High normal is not high, it falls within the normal parameters.

Early on with LADA during the honeymoon period, the pancreas can produce varying amounts of insulin. Often too little, sometimes just the right amount (some LADA's can go without insulin for months after having needed insulin before), and in some people it can even produce too much insulin occasionally, causing hypos without being on insulin.

As the autoimmune attack goes on, insulin production will decrease in LADA's, and it can take weeks or years before production is close to zero.

C-peptide measures what is happening at the moment of the blood draw, it changes throughout the day. Did you have your glucose level tested at the same time?

At your age (50 if your profile info is correct), it's well possible you have some insulin resistance going on, which means you need a bit more insulin (and thus a higher C-peptide) than average. Pure speculation here, but I think this is what happened to me (overweight, diagnosed at 39).
I had a C-peptide test two years after my initial T2 diagnosis, 4 years after having symptoms in hindsight. Mine was just below the low normal threshold, LADA can be slow. I had been on insulin for 2 years already at this point.
I had pre-diabetes in 2016, then reversed it with diet (lost 2 stone) and kept in normal range and not overweight since then. I didn't have an A1C at the time of the C-peptide test, but had one about 10 days earlier at 97 and fingerprick on the day was around 12. I hadn't eaten for quite some time so close to fasting level.

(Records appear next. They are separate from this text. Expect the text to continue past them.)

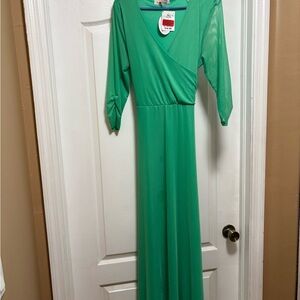 Elegant Green Maxi Dress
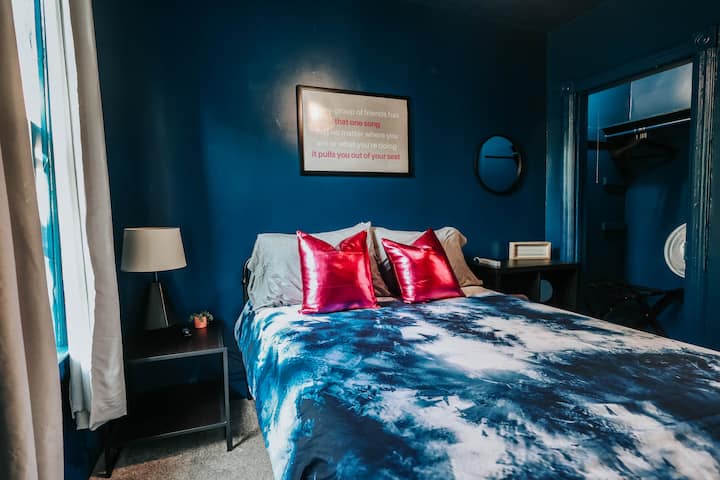 Bedroom 4, Girls Trip, Full Bed, 2nd Floor.
This room has 4 pillows, hangers, a side table +cube, wall mirror, Roku TV, lamp, luggage rack and room darkening drapes.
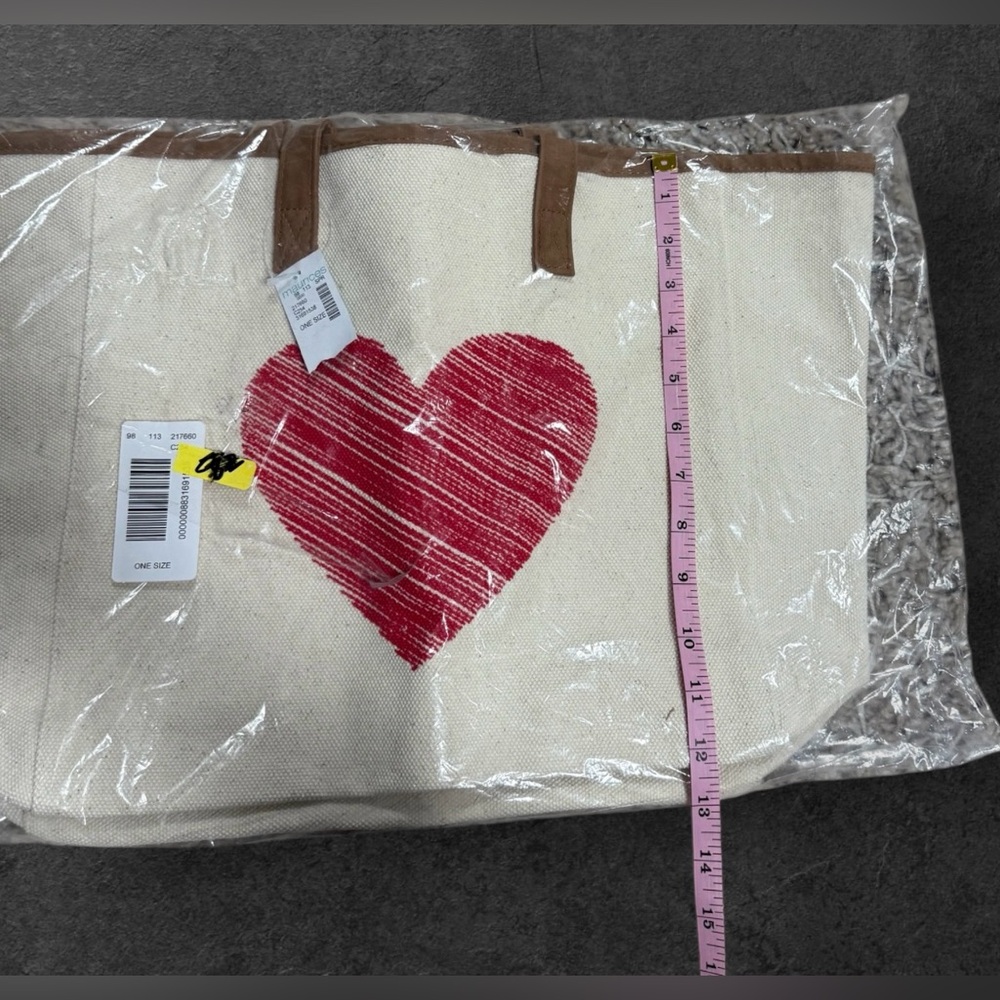 NWT Canvas Tote Bag with Red Heart Design - Picture 4 of 4
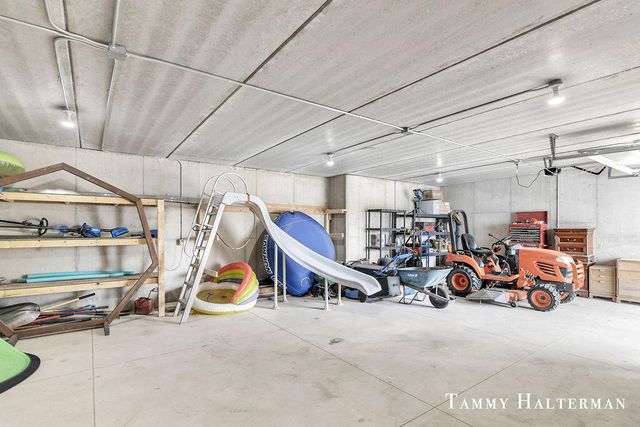 6129 W Bay Court, Hudsonville, MI 49426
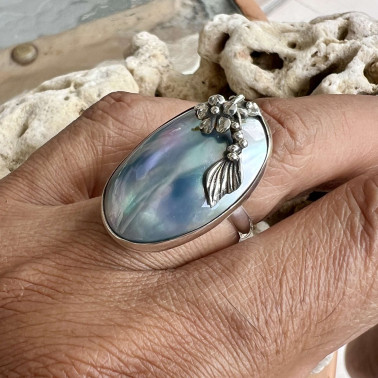 RR 15978 NT-(UNIQUE 925 BALI SILVER FILIGREE RING WITH NAUTILUS SHELL)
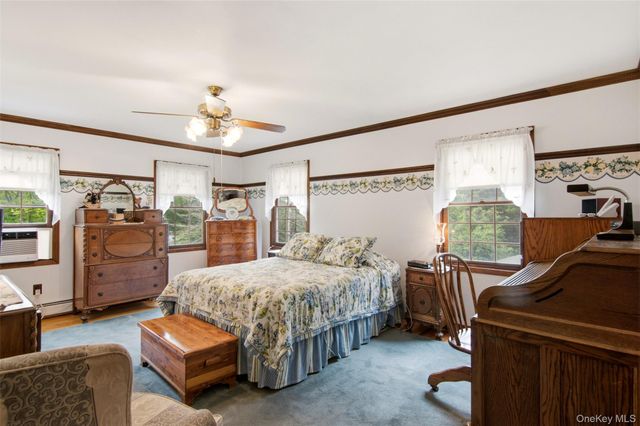1 Gaul Road N, Setauket, NY 11733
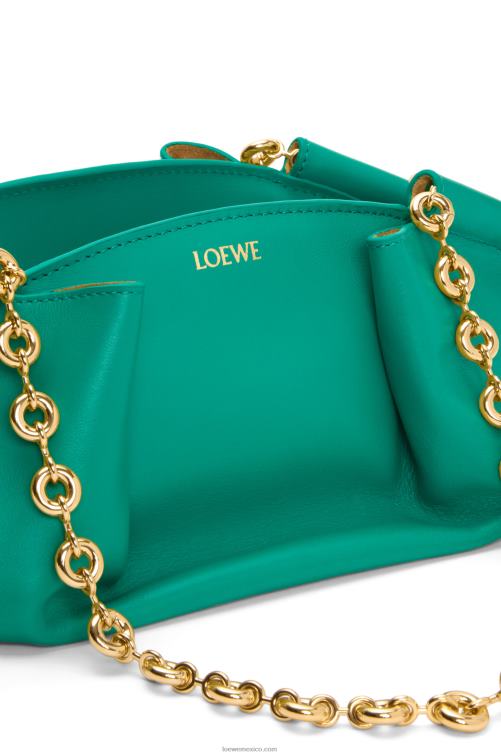 verde esmeralda bolso paseo pequeño de piel de becerro napa brillante con cadena Loewe R8J8Z403 mujer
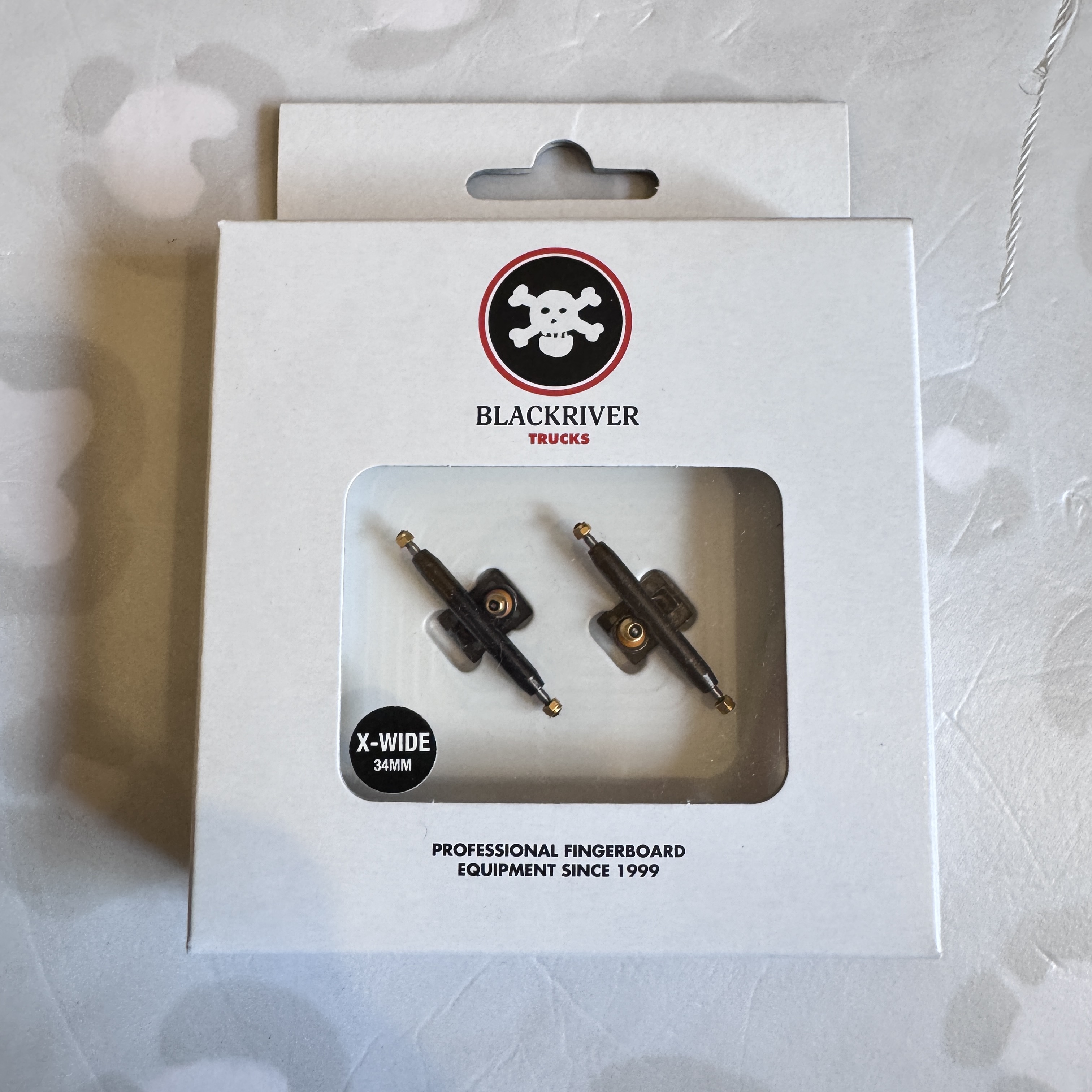 BLACKRIVER - Wide 3.0 34mm Fingerboarding Trucks (Various Colours)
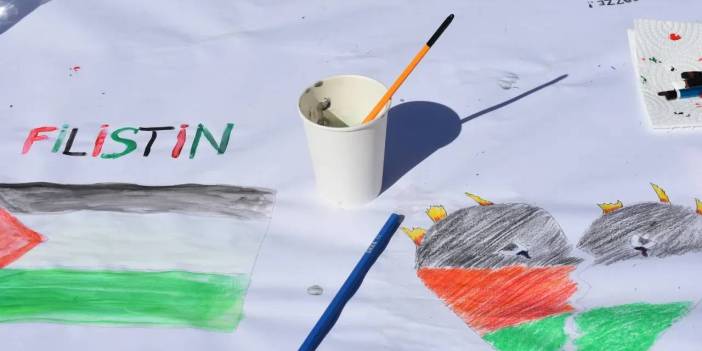 "Filistinli çocuklar için çiz" etkinliği
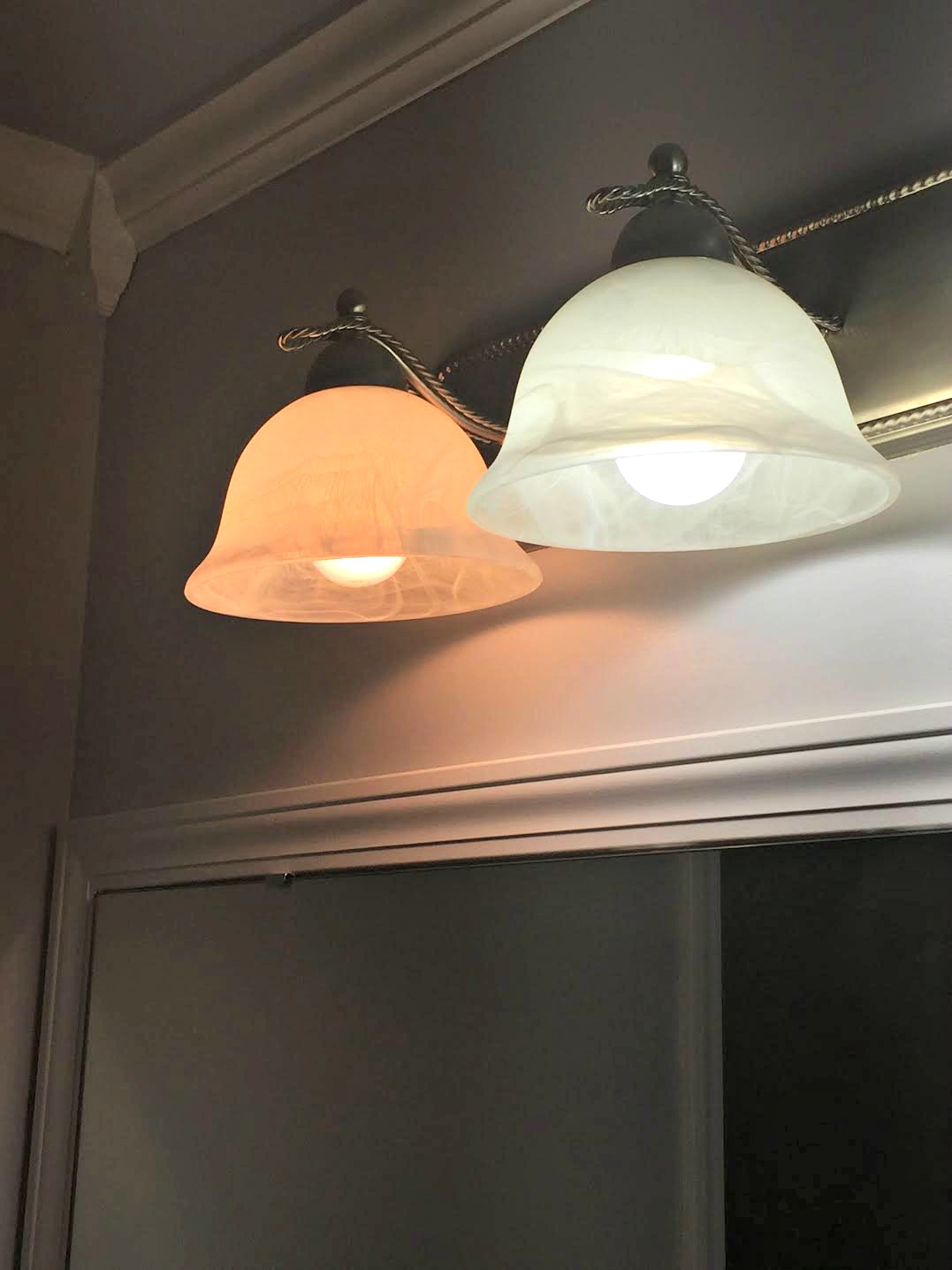 The daylight bulb difference {Amazing!} Thrifty Decor Chick Thrifty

I was showing insulin resistance before I stopped the insulin, everything else seems more fitting with T2 apart from the GAD positive test. I have been on no insulin or meds at all for 3 weeks and BG fine. I just don't understand how the cause of the diabetes can be insufficient insulin (as T1/LADA) when the test shows you are producing a strong amount. If you have plenty of insulin but high BG then that would suggest insulin resistance is the issue, as in T2?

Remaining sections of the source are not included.